§ **Your assignment**
For the data that follows, return each line unchanged and drop the pictures.

Captioned web image data:
BEGIN

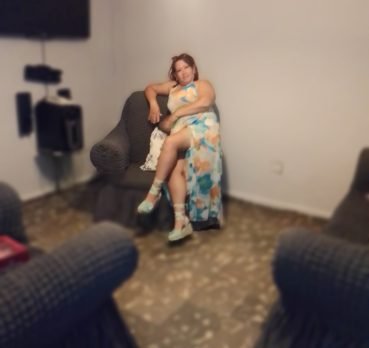 Yisel, 41 years old, Holguin, Cuba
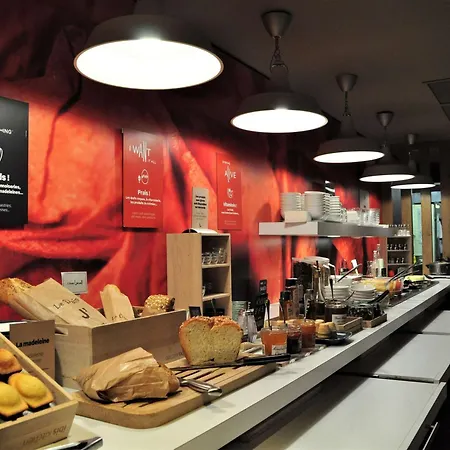 Ibis Centre 3* Toulouse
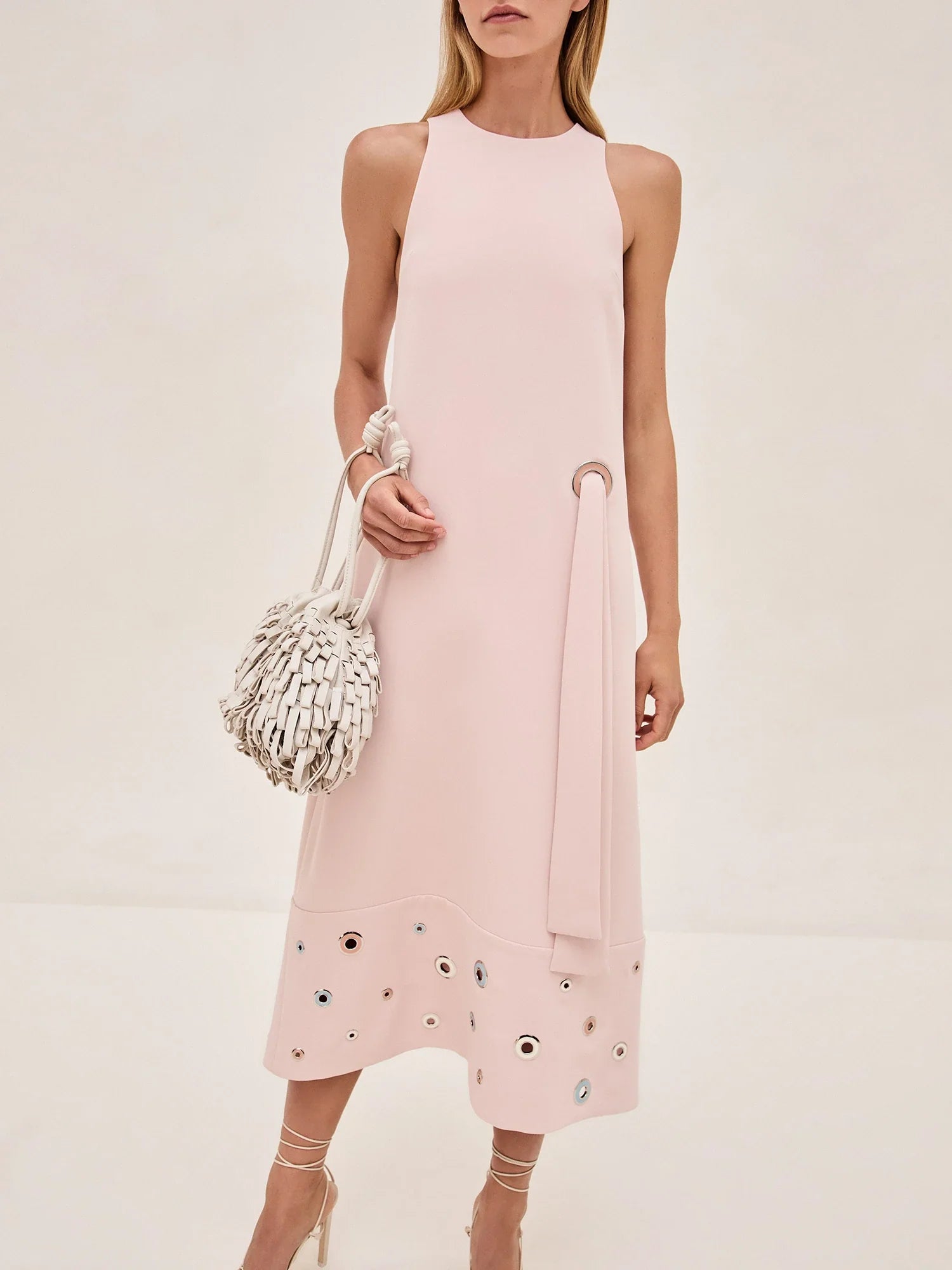 Delfin Dress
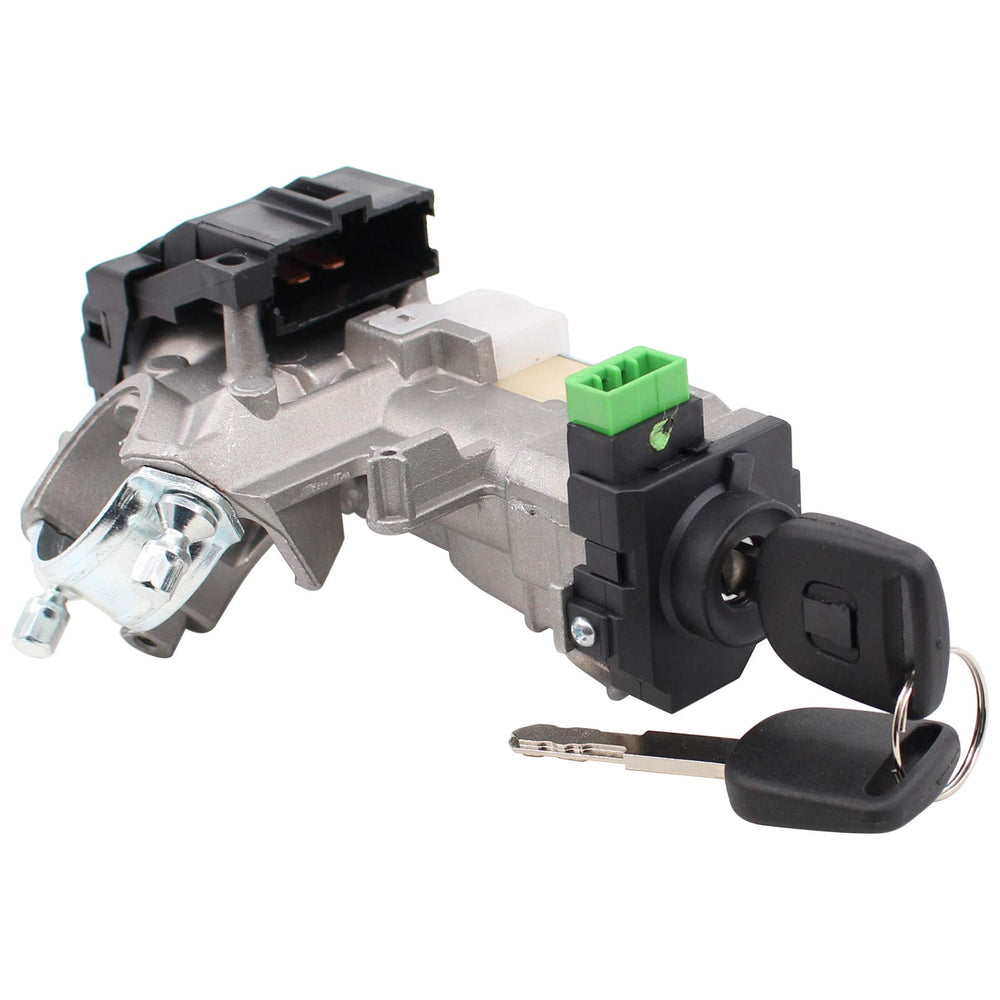 NewYall ignition lock cylinder for Honda CR-V provides smooth starting action.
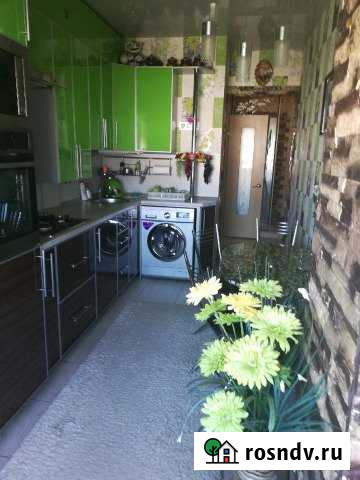 2-комнатная квартира, 47 м², 3/3 эт. в аренду посуточно в Дивеево Дивеево - изображение 1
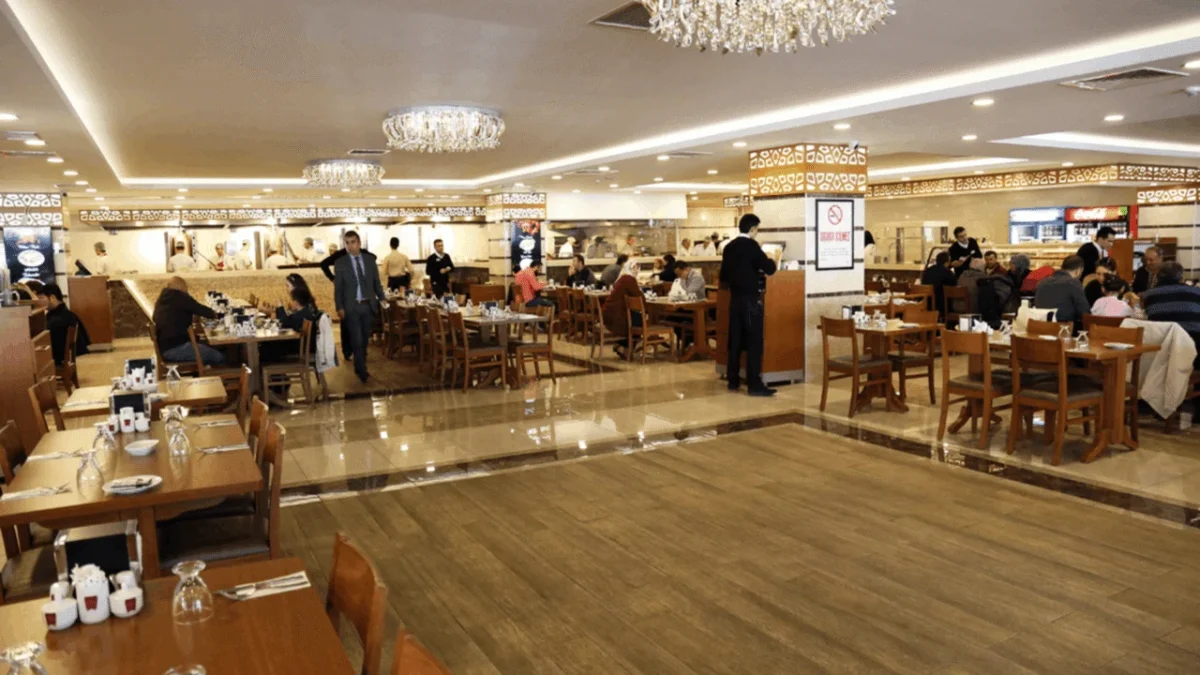 Dönerci Celal Usta Menü Fiyatları – Güncel Fiyat Listesi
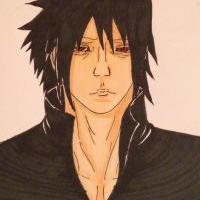 My Sasuke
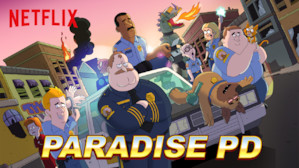 Paradise PD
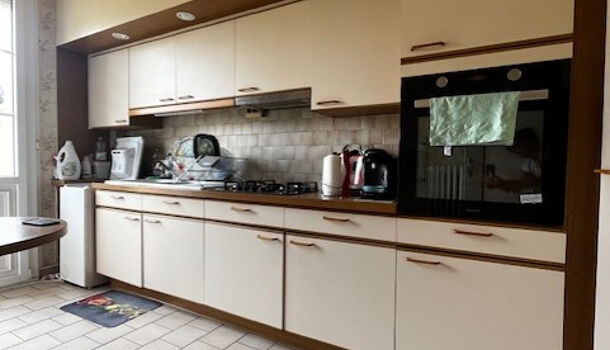 Appartement 5 pièces  à vendre Vitry-le-François 51300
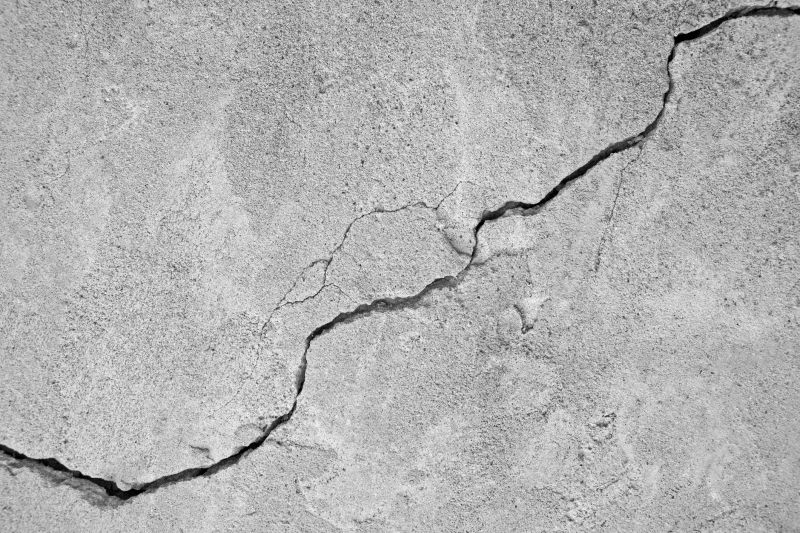 Cracked Foundation Repair in North Canton, CT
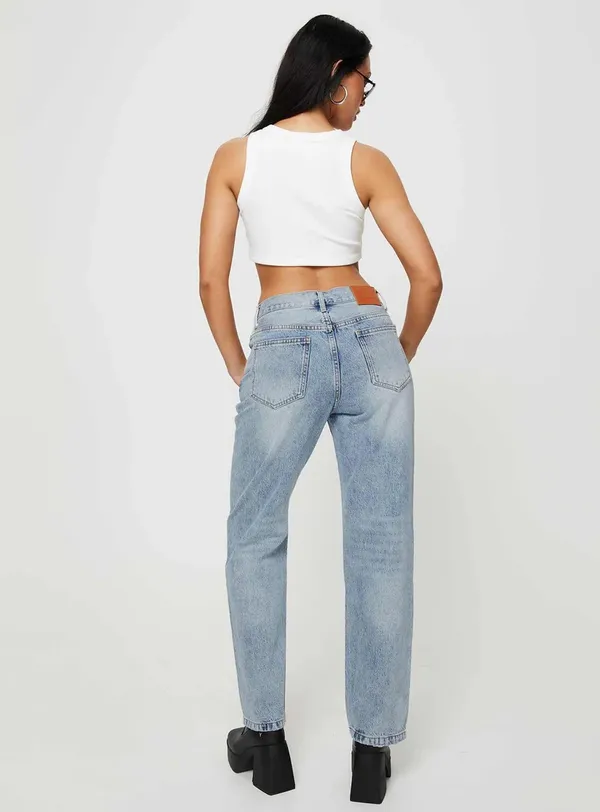 Jeans - Image 2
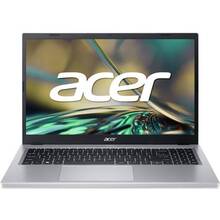 Ноутбук ACER Aspire 3 15 A315-24P-R5RB Pure Silver (NX.KDEEU.022)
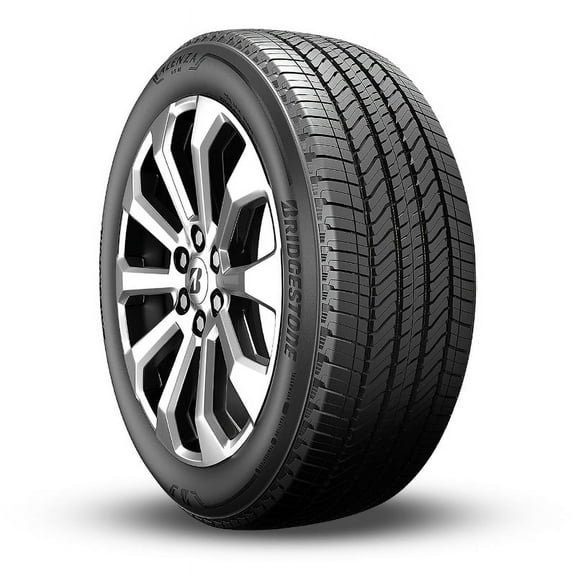 Bridgestone Alenza A/S 02 LT265/70R18 E/10PLY BSW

END

§ **Expected answer**
 Yisel, 41 years old, Holguin, Cuba
 Ibis Centre 3* Toulouse
 Delfin Dress
 NewYall ignition lock cylinder for Honda CR-V provides smooth starting action.
 2-комнатная квартира, 47 м², 3/3 эт. в аренду посуточно в Дивеево Дивеево - изображение 1
 Dönerci Celal Usta Menü Fiyatları – Güncel Fiyat Listesi
 My Sasuke
 Paradise PD
 Appartement 5 pièces  à vendre Vitry-le-François 51300
 Cracked Foundation Repair in North Canton, CT
 Jeans - Image 2
 Ноутбук ACER Aspire 3 15 A315-24P-R5RB Pure Silver (NX.KDEEU.022)
 Bridgestone Alenza A/S 02 LT265/70R18 E/10PLY BSW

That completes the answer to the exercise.